Businesses using Big Data to try and grow their companies are quickly learning that collecting the information is only one-half of the equation. Once they have all of their data, the next key step is trying to make sense of it all.
One way businesses can turn the information into something useful is through data mining. Data mining is a process used to analyze raw information to try and find useful patterns and trends in it.
Jean-Francois Belisle, director of marketing and performance at the digital agency K3 Media, describes data mining as the process of discovering insights in large datasets by using statistical and computational methods.
"A data miner is like (the magician) Criss Angel that will make appear from your messy ocean of data, insights that will be valuable to your company and may give you a competitive advantage compared to your competitors," Belisle wrote on his website.
Because businesses are collecting data for all aspects of their operations, data mining can be used in a variety of ways. In Herbert Edelstein's book "Introduction to Data Mining and Knowledge Discovery," Third Edition (Two Crows Corporation 1999), he writes that innovative organizations worldwide are already using data mining to locate and appeal to higher-value customers, to reconfigure their product offerings to increase sales, and to minimize losses due to error or fraud
"Data mining is a process that uses a variety of data analysis tools to discover patterns and relationships in data that may be used to make valid predictions," Edelstein writes in the book.
Data mining tools
In order to take of advantage of everything data mining has to offer, businesses need to use specially designed software. Numerous vendors offer them; businesses can also build their own program to fit their specific needs.
"Data mining applications help users discover correlations and connections within large data sets," Software Advice writes on its website. "These might have gone unnoticed without these algorithms."
The software gives businesses the ability to speed up discovery with semi-automated analyses, break up customers into groups based in similar activities and demographics and predict future trends.
When searching for data-mining software, Software Advice advises businesses to consider several factors, including:
- Whether they want a stand-alone, best-of-breed data mining application, or would prefer to go with the data-mining module from their existing Enterprise Resource Planning (ERP) provider.
- If they want to invest in new hardware or take advantage of cloud capabilities
- If they have employees with the right skills to analyze the data.
In a survey by the business analytic and data mining website KDnuggets, some of the most popular data mining software options are R, Excel, Rapid-I RapidMiner, KNIME, Weka/Pentaho, StatSoft Statistics, SAS, Rapid-I RapidAnalytics, MATLAB, IBM SPSS Statistics, IBMS SPSS Modeler and SAS Enterprise Miner.

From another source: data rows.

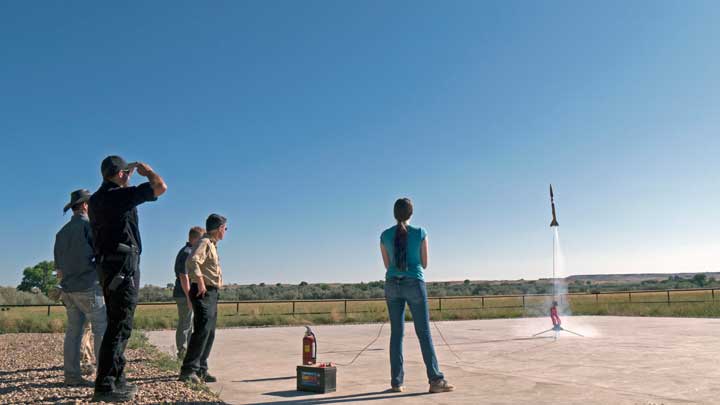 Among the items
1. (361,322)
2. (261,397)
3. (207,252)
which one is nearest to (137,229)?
(207,252)

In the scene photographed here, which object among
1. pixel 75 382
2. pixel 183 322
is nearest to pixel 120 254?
pixel 75 382

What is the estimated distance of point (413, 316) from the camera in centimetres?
643

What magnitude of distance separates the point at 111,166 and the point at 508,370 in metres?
5.70

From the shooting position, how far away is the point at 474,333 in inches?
606

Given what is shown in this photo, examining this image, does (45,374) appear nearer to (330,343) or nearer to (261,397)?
(261,397)

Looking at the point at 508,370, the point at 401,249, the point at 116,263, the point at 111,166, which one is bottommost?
the point at 508,370

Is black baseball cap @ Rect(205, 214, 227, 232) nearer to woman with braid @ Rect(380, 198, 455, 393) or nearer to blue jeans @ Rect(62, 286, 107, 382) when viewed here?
blue jeans @ Rect(62, 286, 107, 382)

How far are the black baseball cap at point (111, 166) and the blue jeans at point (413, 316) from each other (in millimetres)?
2968

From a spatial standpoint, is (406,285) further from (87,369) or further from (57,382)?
(87,369)

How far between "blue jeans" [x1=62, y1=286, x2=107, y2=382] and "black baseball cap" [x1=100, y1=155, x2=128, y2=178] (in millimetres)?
1642

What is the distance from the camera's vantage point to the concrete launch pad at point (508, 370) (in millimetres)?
6125

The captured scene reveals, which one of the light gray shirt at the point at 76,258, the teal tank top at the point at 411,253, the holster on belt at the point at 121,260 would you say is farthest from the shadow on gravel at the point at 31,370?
the teal tank top at the point at 411,253

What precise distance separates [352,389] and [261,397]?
1086mm

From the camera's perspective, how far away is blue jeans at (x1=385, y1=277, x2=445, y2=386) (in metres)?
6.32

Some of the top options that Software Advice recommends include Prism, BOARD Management Intelligence Toolkit, Necto, Tableau and GoodData,
Data mining techniques and examples
What makes data mining such a popular tool among businesses are all of the different ways it can be used. Nearly every aspect of a business can benefit from the information data mining provides.
Data analytics firm KISSmetrics believes there are a wide variety of ways businesses can use data mining to increase customer loyalty, unlock hidden profitability and reduce client churn. In a recent blog post, the company outlines the various ways to use data mining to get a competitive edge. They include:
Basket analysis: Also known as affinity analysis, this uses the data on products a customer bought in order to help brick-and-mortar stores improve their layouts or help online stores recommend related products. It's based on the assumption that companies can predict future customer behavior by past performance, including purchases and preferences.
Sales forecasting: This looks at when customers made purchases, and tries to predict when they will buy again. Businesses can use this type of analysis to figure out complementary products to sell.
Database marketing: By examining customer purchasing patterns and looking at the demographics and psychographics of customers to build profiles, businesses can create products that will sell themselves.
Merchandise planning: Brick-and-mortar businesses looking to expand to new locations can evaluate the amount of merchandise they will need by looking at the exact layout of a current store. For an online business, merchandise planning can help determine stocking options and inventory warehousing.
Card marketing: Businesses that issue credit cards can collect the information from their usage, identify customer segments and then use that data to create programs that improve retention, boost acquisition, target products to develop and design prices.
Call detail record analysis: Businesses that use telecommunications can mine that data to see use patterns and build customer profiles. They can then use that information to construct a tiered pricing structure to maximize profit.
- Market segmentation: Data mining can be used by businesses to segment customers by age, income, occupation or gender, which is helpful for email marketing campaigns and SEO strategies.
There are many examples of grocery store chains using data mining to their advantage. In a lecture to his students at UCLA one professor gives a popular example of how one grocery store chain discovered that when men bought diapers on Thursdays and Saturdays, they also tended to buy beer. Further analysis showed that these shoppers typically did their weekly grocery shopping on Saturdays.
The professor said the grocery store could use this information in various ways to increase revenue, such as by moving the beer display closer to the diaper display and making sure beer and diapers were sold at full price on those days.